All this is terribly important in recognising the changes that have taken place over the last 30 years. Now we have some 38 million vehicles on the road; 19 million of them need to park virtually every day. When my Act went through there were substantially fewer—I think under 24 million vehicles—of which a much smaller proportion needed to move around and park each day. Public transport tended to be more the norm in those days; fewer people used their vehicles quite as regularly as they do now. Because there were neither those demands nor the demands on the planning arrangements, local authorities, for instance, and others who were building residential developments and office developments were not then under obligations, as they are today, to have parking taken into full consideration. The scene we had was therefore very different.

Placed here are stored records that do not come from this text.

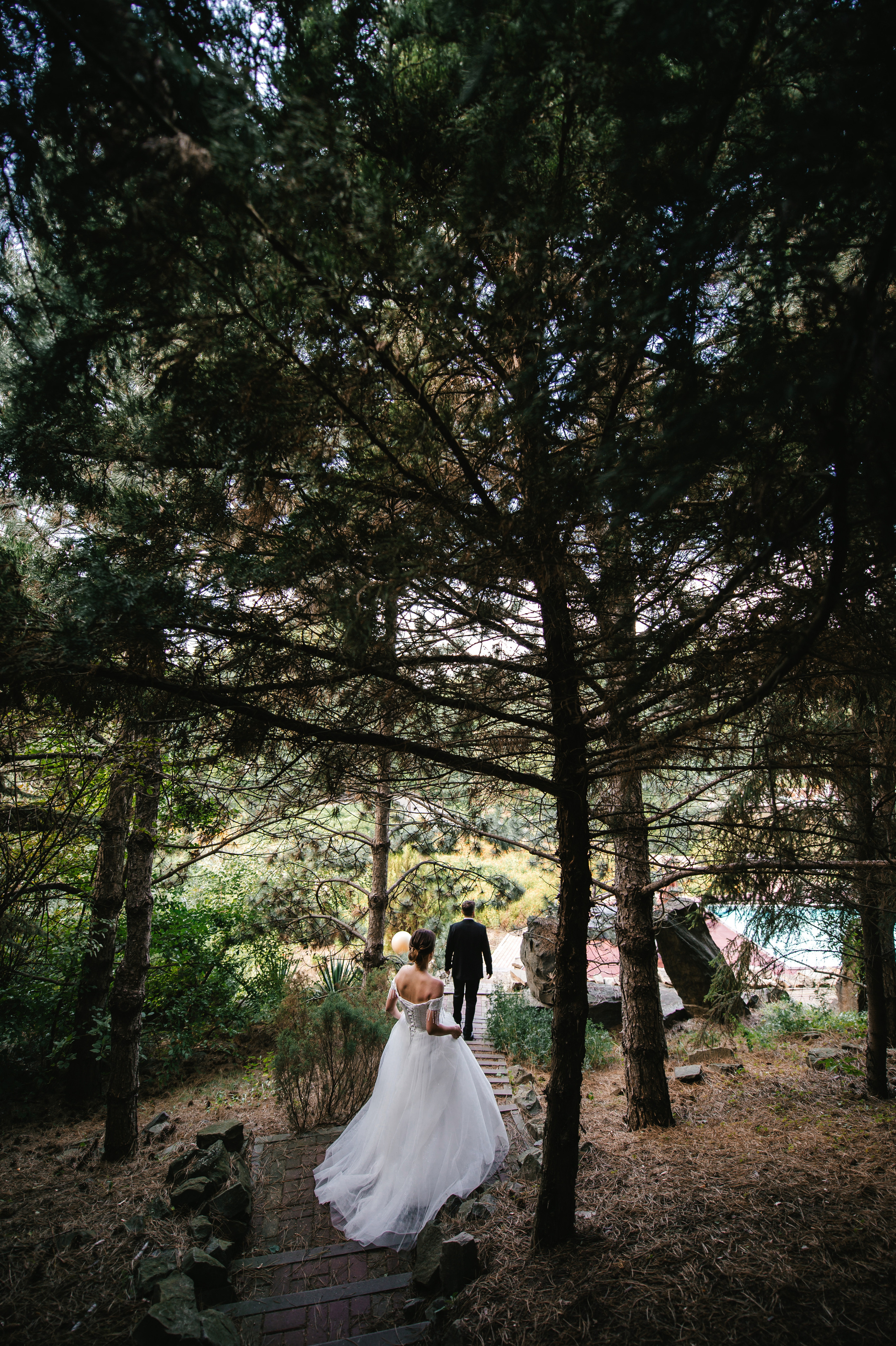 Павел и Марина. 3 сентября 2021. Костры Рябин. Свадебный организатор в Ростове-на-Дону Яснов Роман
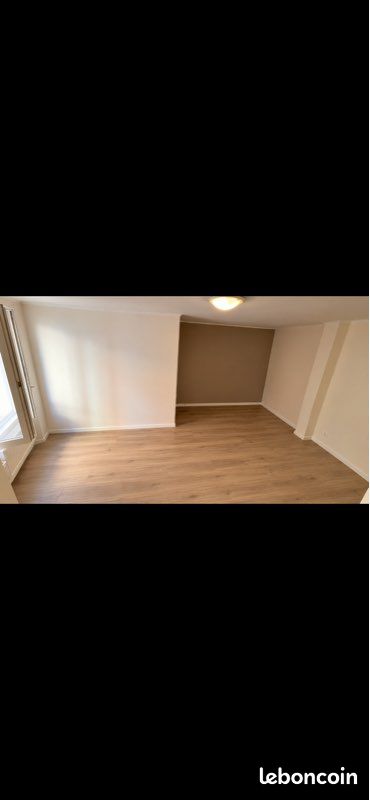 Appartement 2 pièces 37 m² · à Deuil-la-Barre · 37 m² · 840 €/mois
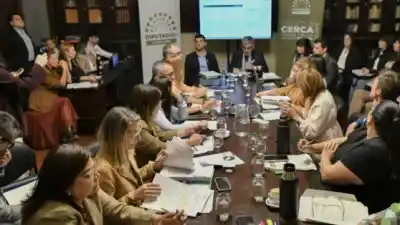 Entre Ríos ya discute su Presupuesto 2027: la cifra que mira toda la provincia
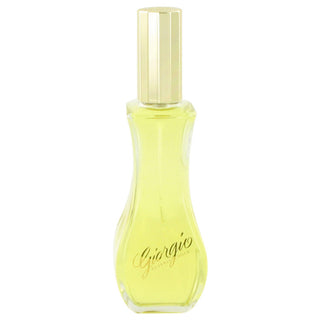 GIORGIO by Giorgio Beverly Hills Eau De Toilette Spray (unboxed) 3 oz for Women - PerfumeOutlet.com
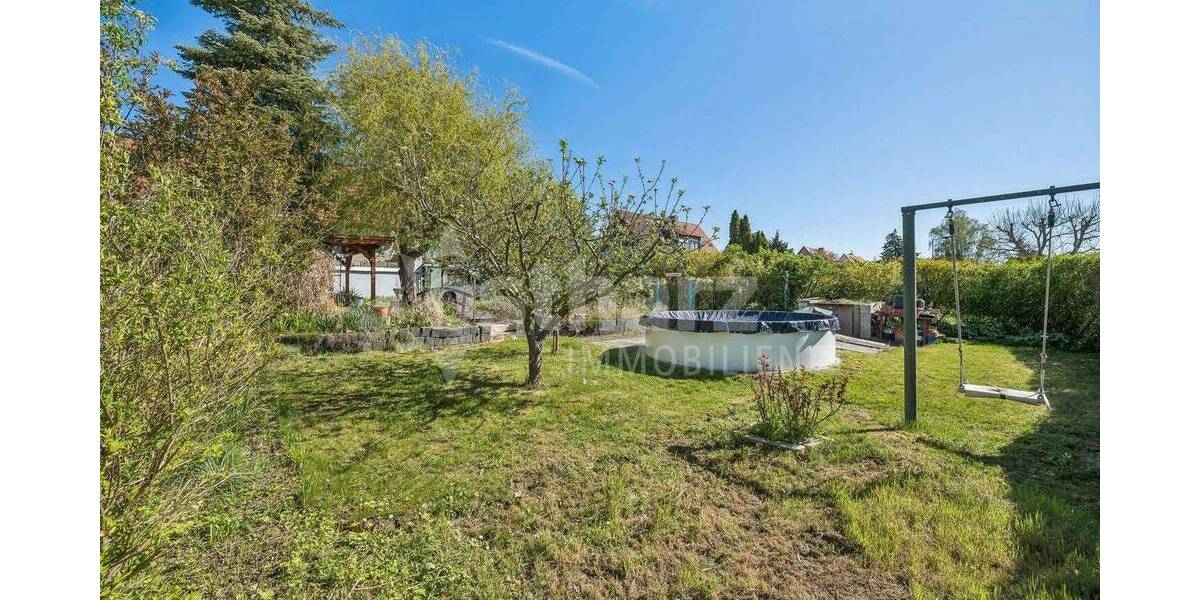Doppelhaushälfte Halberstadt - 4 Zimmer, 165 m&sup2;, 195.000&euro; | Angebot:26433597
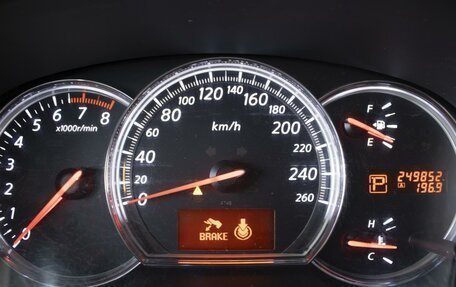 Nissan Teana, 2011 год, 1 220 000 рублей, 13 фотография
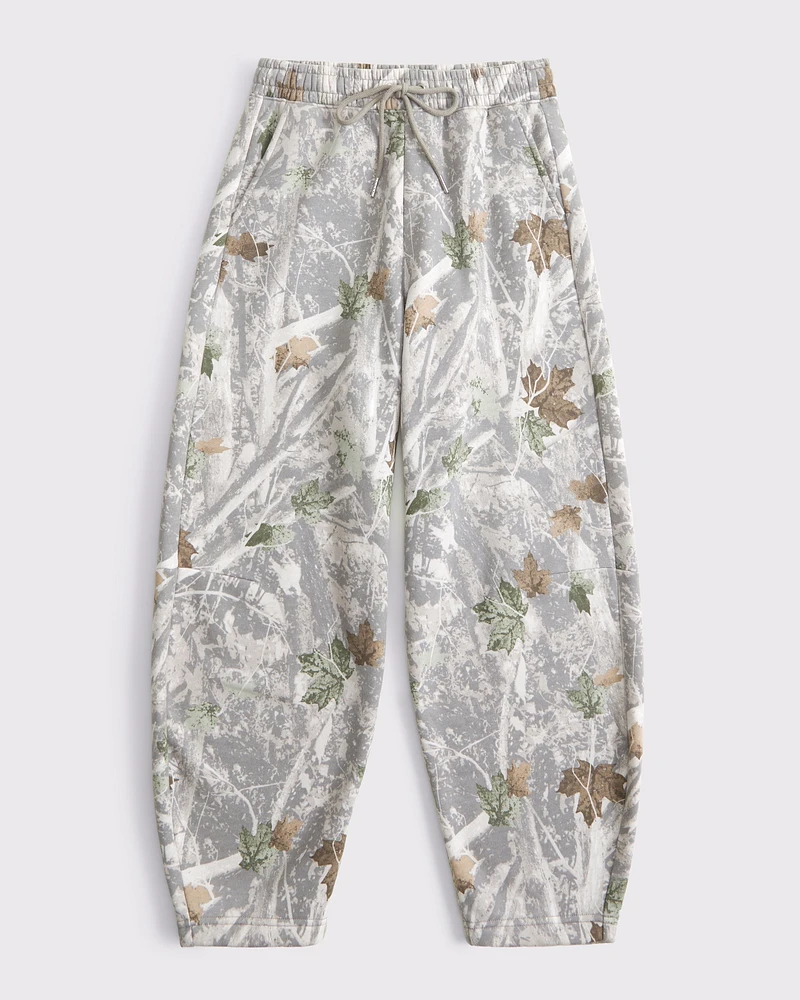 Essential Barrel Sunday Sweatpant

As my noble friend said, wheel clamping, which was one of the most appalling things occurring on private land, was abolished through the 2012 legislation, which was a great development.

In 1989 we wanted a code of practice about the way in which people were allowed to offer parking facilities. Frankly, that was not totally successful, so I am particularly pleased to note that, as part of these provisions, there is a requirement for a new code of practice to be introduced. Of course, in a way these things are often voluntary, but I am pleased and heartened to know that the official parking agencies—the parking associations—all support not only this excellent Bill but the need to make sure that there are standard arrangements, good-quality parking facilities, and complete transparency with regard to the information provided to those who wish to park their cars.

I shall not go through individual items in the Bill, because in general I very much support it. It is taking things forward in the right way, and it is difficult for anyone to indicate lack of enthusiasm for those measures. I conclude by saying that, as far as I am concerned, whether it is 30 or 40 years or whatever, we are moving in the right direction. I hope that we will be able to provide the right facilities for the future for those who will not be moving their cars at all times but wish to ensure that, when they park them, they are safe and secure in doing so.